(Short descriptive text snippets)
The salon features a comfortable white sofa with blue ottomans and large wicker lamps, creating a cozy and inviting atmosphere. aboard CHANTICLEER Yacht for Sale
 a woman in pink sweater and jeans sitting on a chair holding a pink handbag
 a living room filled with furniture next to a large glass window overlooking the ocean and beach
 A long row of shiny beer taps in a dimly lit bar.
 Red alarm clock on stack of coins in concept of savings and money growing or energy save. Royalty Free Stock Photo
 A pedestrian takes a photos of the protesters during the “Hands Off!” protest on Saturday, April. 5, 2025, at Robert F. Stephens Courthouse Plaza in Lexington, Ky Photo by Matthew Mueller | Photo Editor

# [HOW TO COMPLETE THIS TASK]
Repeat only the stretch of lines starting at the one containing "a woman in pink" and running to the final line of the entries above.

# [EXERCISE ANSWER]
 a woman in pink sweater and jeans sitting on a chair holding a pink handbag
 a living room filled with furniture next to a large glass window overlooking the ocean and beach
 A long row of shiny beer taps in a dimly lit bar.
 Red alarm clock on stack of coins in concept of savings and money growing or energy save. Royalty Free Stock Photo
 A pedestrian takes a photos of the protesters during the “Hands Off!” protest on Saturday, April. 5, 2025, at Robert F. Stephens Courthouse Plaza in Lexington, Ky Photo by Matthew Mueller | Photo Editor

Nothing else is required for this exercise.